1. Uma Igreja solidária: aproximação, inserção, inclusão

O voltar-se ao pobre e a seu mundo como expressão de autêntica experiência


espiritual, que se dá na contemplação do rosto do Cristo sofredor nas feições
concretíssimas dos pobres, propiciou à Igreja continental uma solidariedade efetiva para
com os mesmos. Inserir-se no mundo do pobre implica, em primeiro lugar, dar-se conta
da complexidade do fenômeno da pobreza. Isso comporta, num segundo momento,
indagar acerca das causas estruturais que a desmascaram como empobrecimento injusto.
Somente a partir desses dois primeiros passos, a opção pelo pobre pode se constituir em
luta contra toda forma de opressão no intuito de sua integral libertação.

1.1 Empobrecimento: estrutural, produzido, injusto

O episcopado latino-americano e caribenho, reunido em suas várias assembleias,


jamais deixou de exprimir sua indignação ética face à situação de pobreza na qual vive
mais da metade da população do continente. São contundentes, a tal propósito, as
palavras de Medellín: “O Episcopado Latino-americano não pode ficar indiferente ante
as tremendas injustiças sociais existentes na América Latina, que mantêm a maioria de
nossos povos numa dolorosa pobreza, que em muitos casos chega a ser de miséria
humana. Um surdo clamor nasce de milhões de homens, pedindo a seus pastores uma
libertação que não lhes chega de nenhuma parte” (14, 1-2). E, após pouco mais de dez
anos, os bispos reunidos em Puebla, referindo-se justamente a esse texto de Medellín,
afirmam: “O clamor pode ter parecido surdo naquela ocasião. Agora é claro, crescente,
impetuoso e, nalguns casos, ameaçador” (n. 89).
Pobreza e miséria são descritas como um fenômeno complexo envolvendo fome,
enfermidades crônicas, analfabetismo, etc.
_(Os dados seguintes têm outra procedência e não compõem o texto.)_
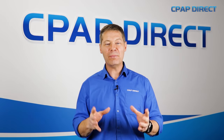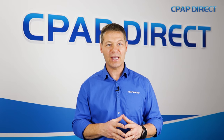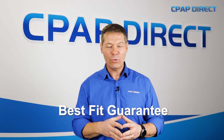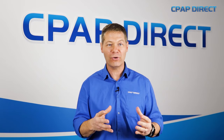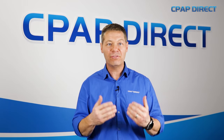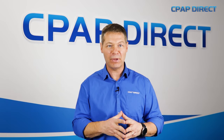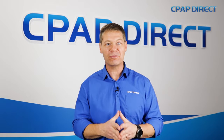The best way to find the right mask for your face is to come and see one of the crew at CPAP Direct and have a proper mask fit. We have a best fit guarantee, which means our clinicians — who are super experienced in the CPAP world — will find the right mask for your face, the right size, adjust it for you, and make sure that you're happy. In fact, they even guarantee it: if it's not right, they will swap it out for free.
Em Puebla, por exemplo, chega-se a
individuá-la “como o mais devastador e humilhante flagelo” que acomete nossos povos
(n.18). Essa pobreza, segundo Puebla, é crescente. Haveria uma relação diretamente
proporcional entre riqueza e pobreza. Enquanto uns poucos enriquecem, a maioria é
sempre mais empobrecida. Por este motivo, alarga-se sempre mais a brecha entre pobres
e ricos. Trata-se, portanto, de um crescimento contraditório.
A essa descrição do fenômeno da pobreza, segue-se uma análise mais profunda
que indaga acerca das causas estruturais que tornam possível tamanha brecha entre ricos
e pobres. No dizer de Puebla: “essa pobreza não é uma etapa transitória, e sim produto
de situações e estruturas econômicas, sociais e políticas que dão origem a esse estado de
pobreza...” produzem... “ricos cada vez mais ricos às custas de pobres cada vez mais
pobres” (n. 30). E os bispos não hesitam em se referir a esse sistema estrutural,
chamando-o por diversos nomes: “capitalismo liberal”. “liberalismo capitalista”,
“neocolonialismo”, “imperialismo internacional do dinheiro”, “novas formas de
dominação supranacional” e “economia de mercado”.
Do ponto de vista ético, falam de “injustiça”, “estruturas geradoras de injustiça”,
“mecanismos impregnados de materialismo”. E chegam a condenar formalmente o
sistema social que gera miséria coletiva chamando-o de: “idolatria da riqueza
individual” (nn. 542, 494), “materialismo” (nn. 55, 1065), “humanismo fechado” (n.
546) e finalmente “ateísmo prático” (n. 546).
À luz da fé, esses mesmos fenômenos são interpretados como verdadeiras
“situações de pecado”. Fala-se, em Puebla, de “situação de pecado social” (n. 28; cf.
ainda nn. 1032, 1225) que, por sua vez, se encontra consubstanciada em “estruturas de
pecado” (n. 452), é “causada pelo pecado” que tem “dimensões sociais gigantescas” (n.
73). Estaríamos diante de “um mistério de pecado” (n. 70). Em palavras pungentes: “A
realidade latino-americana nos faz experimentar amargamente até os limites extremos a
força do pecado” (n. 186).
O episcopado salienta, ademais, a grande contradição que essa situação
representa para a consciência cristã pelo fato de tamanha injustiça se dar em um
continente que se confessa cristão. Puebla, por exemplo, fala de “escândalo” (n.28), de
“incoerência” (n. 437) ou simplesmente de “contradição” (nn. 28.1257). O escândalo se
configuraria justamente na ineficácia histórica da fé cristã que, no decurso de cinco
séculos, conviveu com graves discrepâncias entre: “cultura cristã” e “condição de
pobreza” (cf. n. 437); “ordem social injusta e exigências do Evangelho” (n.1257). A
consciência desta ineficácia da fé cristã transforma-se, na visão deles, em um grande
desafio pastoral: tornar a fé socialmente operante e transformadora (cf. nn. 90, 864).
Em conclusão, os bispos admitem a urgente necessidade de, atendendo à
“clamorosa exigência de nossos povos” (n.12), comprometer-se em tornar o Evangelho
uma “força de fermento transformador” (n. 142). E o meio para a realização desse
compromisso é a “opção preferencial pelos pobres” (n. 1154) como resposta à exigência
posta pela “realidade escandalosa” do continente.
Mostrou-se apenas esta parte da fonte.